Probiotics for Beginning Eaters
Yogurt with Active Cultures
When it comes to yogurt, some experts recommend waiting until babies are 8 months old, others say yogurt is OK to introduce as early as 6 months. Ask your pediatrician for his opinion before you start feeding your baby yogurt.
When you do decide to begin yogurt as part of your baby’s diet, be sure to select yogurt with live probiotics by looking for words like “active yogurt cultures” or “healthy live bacteria cultures” on the label. Probiotics are absolutely necessary for a healthy immune system. These healthy, good bacteria keep the bad bacteria in your body in check. If the bad bacteria overtakes the good, all types of infections may occur, including the fungal infections thrush and candida.
The first probiotics in baby’s intestines come from mom’s vagina during birth or bacteria in the operating room during a cesarian section. Then baby gets additional probiotics from mom’s breast milk, formula, and the environment.

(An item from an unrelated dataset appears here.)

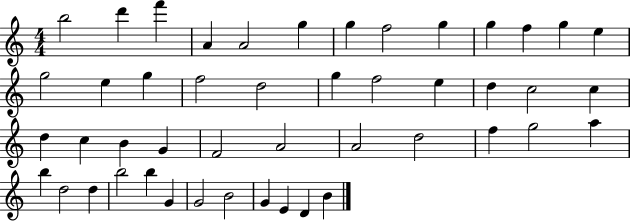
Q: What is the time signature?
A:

Read the ingredients list on the label to make sure it is plain yogurt. Babies need fats, so buy the whole fat or low-fat varieties and not the non-fat type. You could also make your own yogurt by hand. I have detailed instructions on how to make your own yogurt in the new edition of Super Baby Food. A quick set of yogurt making instructions as well as pictures can be found on the TheFrugalGirl blog.
Greek yogurt is another choice. It is thicker than regular yogurt and more appropriate for a Stage 2 eater. Before the advent of Greek yogurt, manufacturers would strain the whey from regular yogurt to make “yogurt cheese,” which is similar to Greek yogurt.
Yogurt – Flavor Your Own
Much of the “fruit” yogurt in supermarkets have gobs of unhealthy sugar and flavors added to them, even the yogurts that have healthy-looking pictures of fruit on their containers.

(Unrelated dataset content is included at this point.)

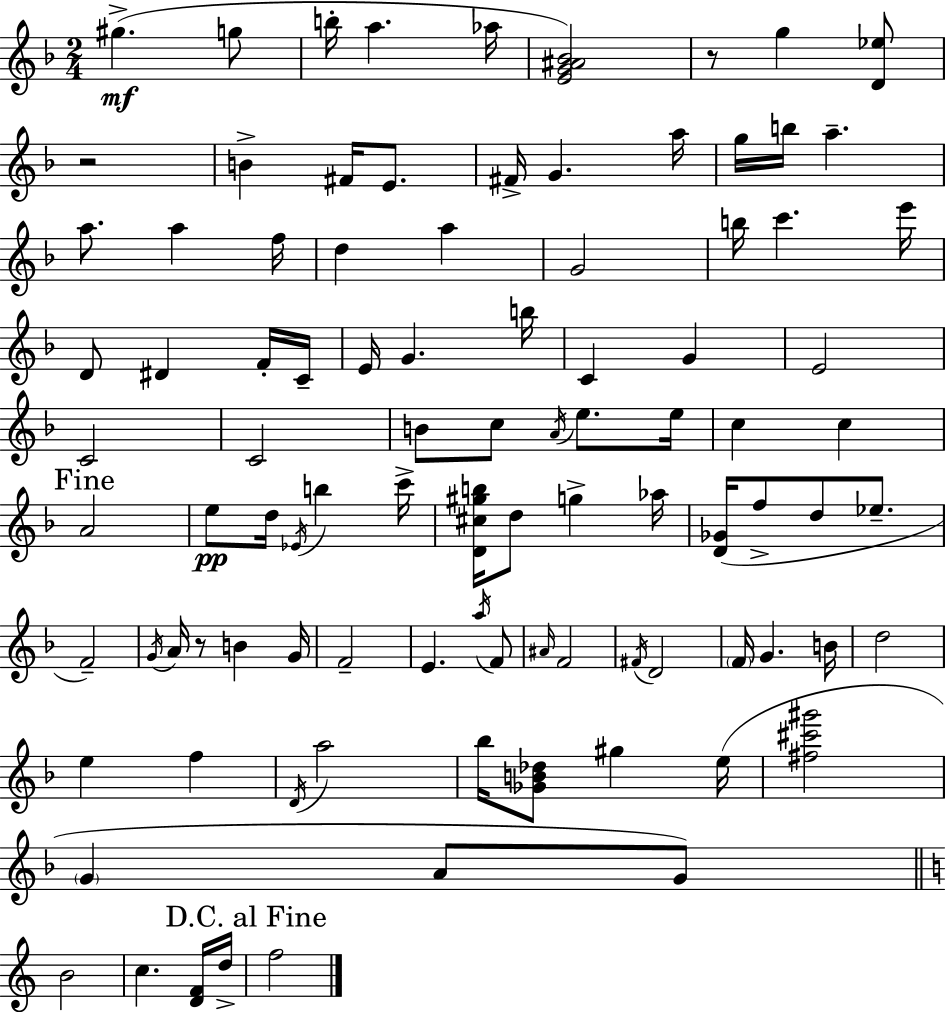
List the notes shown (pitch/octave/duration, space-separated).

G#5/q. G5/e B5/s A5/q. Ab5/s [E4,G4,A#4,Bb4]/h R/e G5/q [D4,Eb5]/e R/h B4/q F#4/s E4/e. F#4/s G4/q. A5/s G5/s B5/s A5/q. A5/e. A5/q F5/s D5/q A5/q G4/h B5/s C6/q. E6/s D4/e D#4/q F4/s C4/s E4/s G4/q. B5/s C4/q G4/q E4/h C4/h C4/h B4/e C5/e A4/s E5/e. E5/s C5/q C5/q A4/h E5/e D5/s Eb4/s B5/q C6/s [D4,C#5,G#5,B5]/s D5/e G5/q Ab5/s [D4,Gb4]/s F5/e D5/e Eb5/e. F4/h G4/s A4/s R/e B4/q G4/s F4/h E4/q. A5/s F4/e A#4/s F4/h F#4/s D4/h F4/s G4/q. B4/s D5/h E5/q F5/q D4/s A5/h Bb5/s [Gb4,B4,Db5]/e G#5/q E5/s [F#5,C#6,G#6]/h G4/q A4/e G4/e B4/h C5/q. [D4,F4]/s D5/s F5/h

Ignore everything on the carton except the nutrition facts panel and the ingredients list, and this goes for all foods in packages at all stores, even health food stores. Flavor plain yogurt with the age-appropriate real fruit and veggies you freeze using the baby food freeze cube method.
TIP: Yogurt (and other light colored food) is a great food to have fun mixing food colors into, and I do mean food coloring, like the liquid from canned beets, turmeric, frozen berry juices. Let your child mix them together into yogurt for fun new colors and for learning color combinations.
Other Probiotics Food Choices
Examples of other foods that contain probiotics are kefir, sauerkraut and other fermented foods. All these foods in the supermarket might be fakes–they can contain only dead bacteria–including baby yogurts that are shelf stable. Buy only the foods that indicate that their probiotics are still alive and kicking, with your doc’s approval.